#### Given entries:
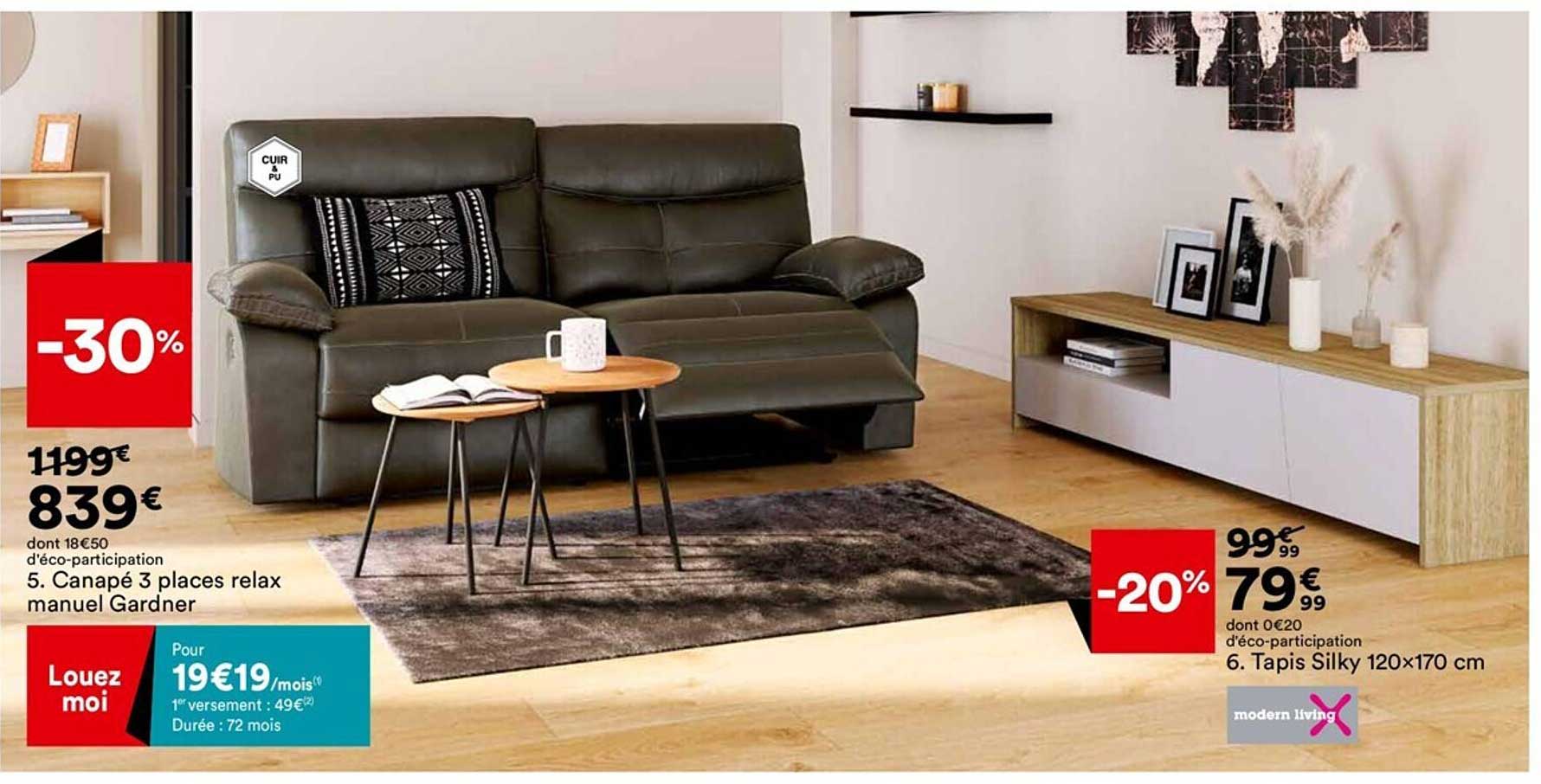 canapé 3 places relax manuel gardner, tapis silky 120 x 170 cm modern living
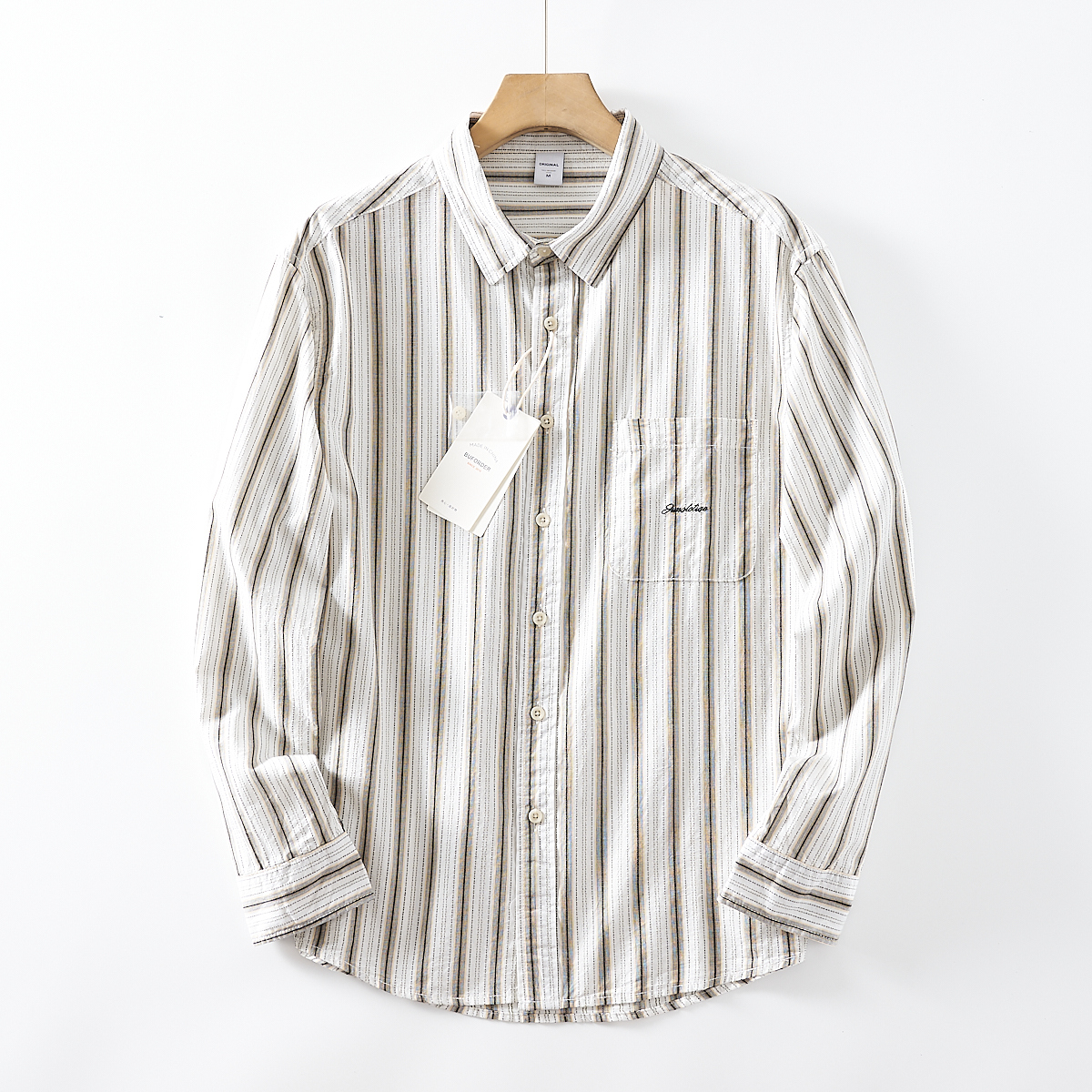 新品2XLモカ 柔らかな純綿 新品 メンズ 綿100% 長袖シャツ 高品質 ストライプ 肌触りが良く 快適 春秋 ビジネス カジュアル トップス拍卖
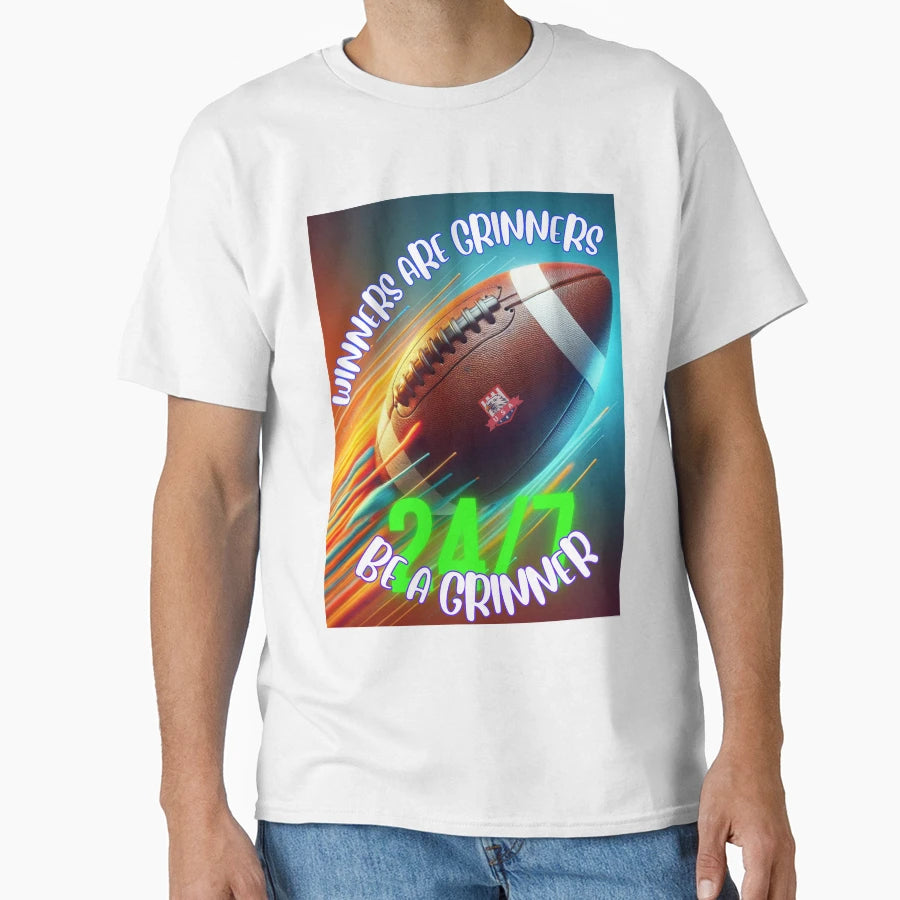 American Football Winners Are Grinners T-Shirt - Trendy Graphic for Adults - T-Shirt, Sweatshirt, Hoodie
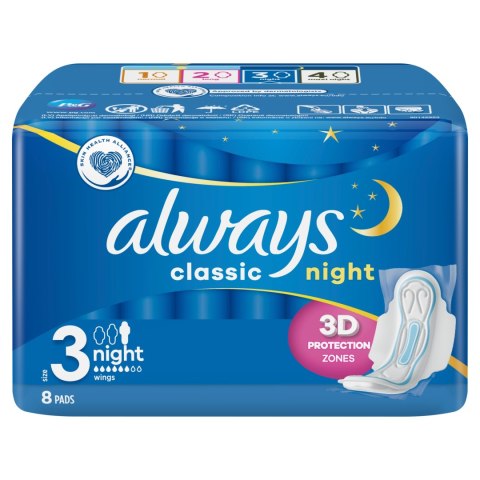 Always Classic Night Podpaski ze skrzydełkami 8szt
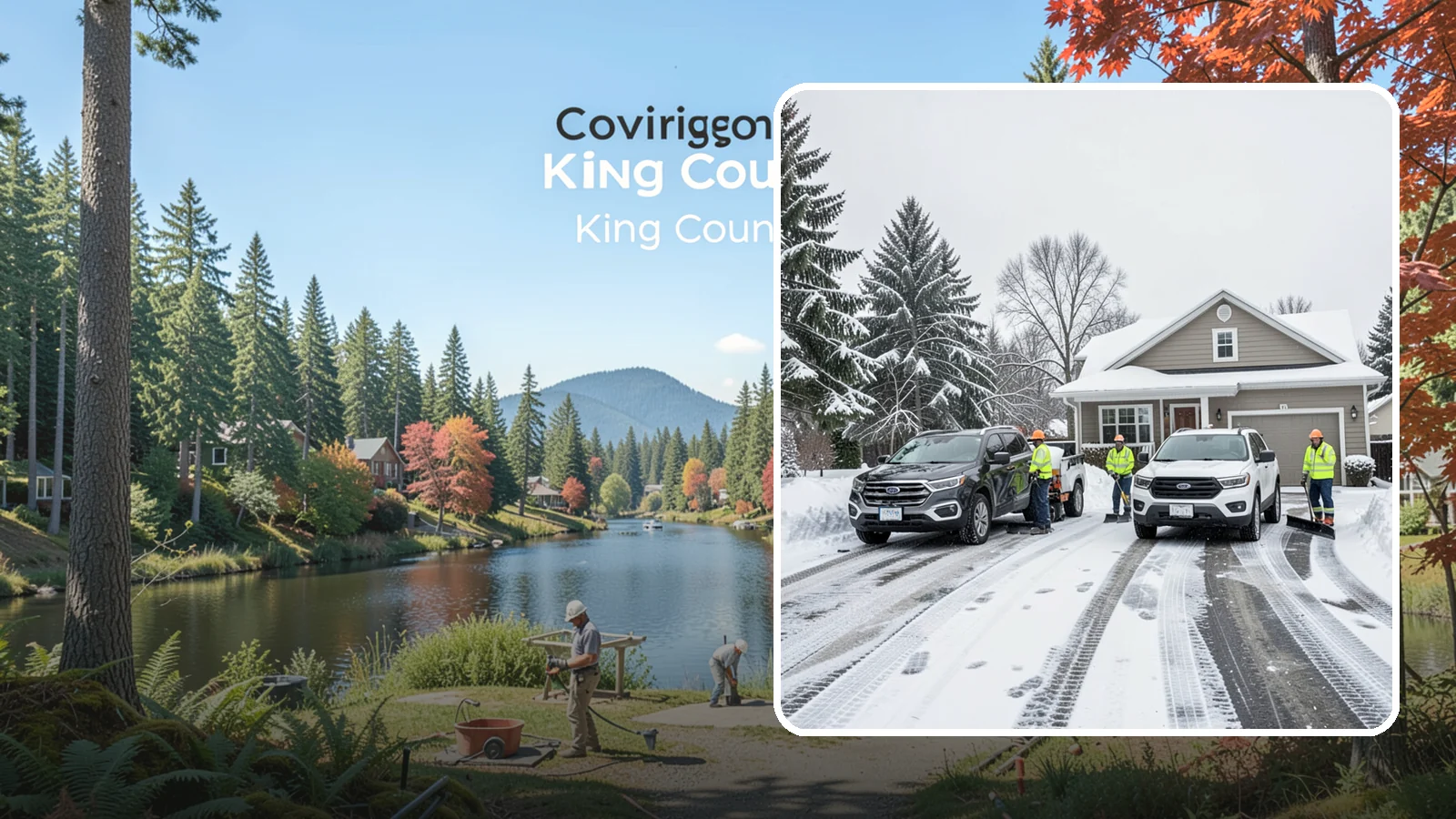 Double Driveway Snow Removal in Covington, King County, WA - We clear wide two-car driveways completely so both vehicles are ready to go after a storm.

#### What the task requires:
Retype the records verbatim, excluding each image they hold.

#### Solution for this problem:
 canapé 3 places relax manuel gardner, tapis silky 120 x 170 cm modern living
 新品2XLモカ 柔らかな純綿 新品 メンズ 綿100% 長袖シャツ 高品質 ストライプ 肌触りが良く 快適 春秋 ビジネス カジュアル トップス拍卖
 American Football Winners Are Grinners T-Shirt - Trendy Graphic for Adults - T-Shirt, Sweatshirt, Hoodie
 Always Classic Night Podpaski ze skrzydełkami 8szt
 Double Driveway Snow Removal in Covington, King County, WA - We clear wide two-car driveways completely so both vehicles are ready to go after a storm.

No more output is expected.